BEGIN

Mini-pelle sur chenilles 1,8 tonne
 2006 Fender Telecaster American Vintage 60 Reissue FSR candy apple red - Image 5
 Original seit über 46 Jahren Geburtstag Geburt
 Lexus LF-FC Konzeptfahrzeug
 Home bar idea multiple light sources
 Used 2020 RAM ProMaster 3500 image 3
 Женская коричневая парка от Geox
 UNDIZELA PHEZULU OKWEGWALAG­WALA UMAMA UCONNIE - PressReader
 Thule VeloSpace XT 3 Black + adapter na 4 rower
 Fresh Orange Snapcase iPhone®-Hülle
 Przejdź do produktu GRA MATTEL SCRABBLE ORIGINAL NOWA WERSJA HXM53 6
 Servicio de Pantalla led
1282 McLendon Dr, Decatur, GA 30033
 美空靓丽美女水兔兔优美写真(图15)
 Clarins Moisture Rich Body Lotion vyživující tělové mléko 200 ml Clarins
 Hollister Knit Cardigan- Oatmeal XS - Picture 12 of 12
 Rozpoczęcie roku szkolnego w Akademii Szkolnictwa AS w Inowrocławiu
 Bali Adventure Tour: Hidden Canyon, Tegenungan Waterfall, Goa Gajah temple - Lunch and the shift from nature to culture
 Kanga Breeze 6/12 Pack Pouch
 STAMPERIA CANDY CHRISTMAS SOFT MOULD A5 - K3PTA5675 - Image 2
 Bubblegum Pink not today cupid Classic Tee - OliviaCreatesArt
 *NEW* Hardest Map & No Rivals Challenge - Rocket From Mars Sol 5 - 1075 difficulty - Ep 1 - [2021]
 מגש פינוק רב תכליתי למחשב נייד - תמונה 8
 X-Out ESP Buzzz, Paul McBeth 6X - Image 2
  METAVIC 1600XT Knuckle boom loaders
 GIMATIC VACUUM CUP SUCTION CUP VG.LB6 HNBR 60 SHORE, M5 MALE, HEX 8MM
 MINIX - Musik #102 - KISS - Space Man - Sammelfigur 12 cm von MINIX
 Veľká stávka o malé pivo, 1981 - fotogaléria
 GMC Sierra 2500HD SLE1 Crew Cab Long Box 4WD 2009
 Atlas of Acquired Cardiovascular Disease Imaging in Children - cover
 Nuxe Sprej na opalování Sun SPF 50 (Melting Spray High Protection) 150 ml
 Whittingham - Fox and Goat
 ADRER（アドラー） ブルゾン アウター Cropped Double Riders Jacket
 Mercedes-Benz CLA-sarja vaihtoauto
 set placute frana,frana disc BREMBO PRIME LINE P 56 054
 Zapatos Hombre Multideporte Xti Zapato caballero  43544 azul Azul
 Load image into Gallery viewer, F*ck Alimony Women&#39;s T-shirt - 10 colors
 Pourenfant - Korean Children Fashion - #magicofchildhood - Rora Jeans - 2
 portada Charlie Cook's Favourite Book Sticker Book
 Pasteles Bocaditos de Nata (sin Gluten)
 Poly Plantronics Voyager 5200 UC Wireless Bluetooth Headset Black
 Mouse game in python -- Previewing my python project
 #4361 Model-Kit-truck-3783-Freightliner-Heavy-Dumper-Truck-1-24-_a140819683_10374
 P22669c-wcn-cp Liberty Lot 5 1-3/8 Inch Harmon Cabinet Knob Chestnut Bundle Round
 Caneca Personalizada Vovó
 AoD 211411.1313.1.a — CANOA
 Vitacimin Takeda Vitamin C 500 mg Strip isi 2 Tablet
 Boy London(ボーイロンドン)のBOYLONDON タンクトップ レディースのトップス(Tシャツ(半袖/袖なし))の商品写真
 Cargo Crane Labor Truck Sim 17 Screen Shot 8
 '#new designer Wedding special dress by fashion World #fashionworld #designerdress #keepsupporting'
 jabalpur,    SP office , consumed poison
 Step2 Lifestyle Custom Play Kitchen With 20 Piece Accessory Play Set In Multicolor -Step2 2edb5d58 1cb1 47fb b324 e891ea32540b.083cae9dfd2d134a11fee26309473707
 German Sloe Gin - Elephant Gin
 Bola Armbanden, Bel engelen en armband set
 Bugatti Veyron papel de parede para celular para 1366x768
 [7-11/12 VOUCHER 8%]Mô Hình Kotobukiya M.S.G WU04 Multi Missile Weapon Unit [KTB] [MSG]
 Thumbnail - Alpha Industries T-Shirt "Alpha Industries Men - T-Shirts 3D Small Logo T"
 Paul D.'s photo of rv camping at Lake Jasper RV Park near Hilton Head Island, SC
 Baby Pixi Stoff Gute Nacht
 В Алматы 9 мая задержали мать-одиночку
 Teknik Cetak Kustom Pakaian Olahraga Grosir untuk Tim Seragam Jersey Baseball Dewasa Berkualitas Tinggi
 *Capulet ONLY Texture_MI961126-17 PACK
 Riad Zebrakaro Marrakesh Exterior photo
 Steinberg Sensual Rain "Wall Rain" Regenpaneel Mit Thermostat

END

Task statement ::
Only lines containing "Children" belong in the answer; copy every such line from the records.

Answer for the task ::
 Atlas of Acquired Cardiovascular Disease Imaging in Children - cover
 Pourenfant - Korean Children Fashion - #magicofchildhood - Rora Jeans - 2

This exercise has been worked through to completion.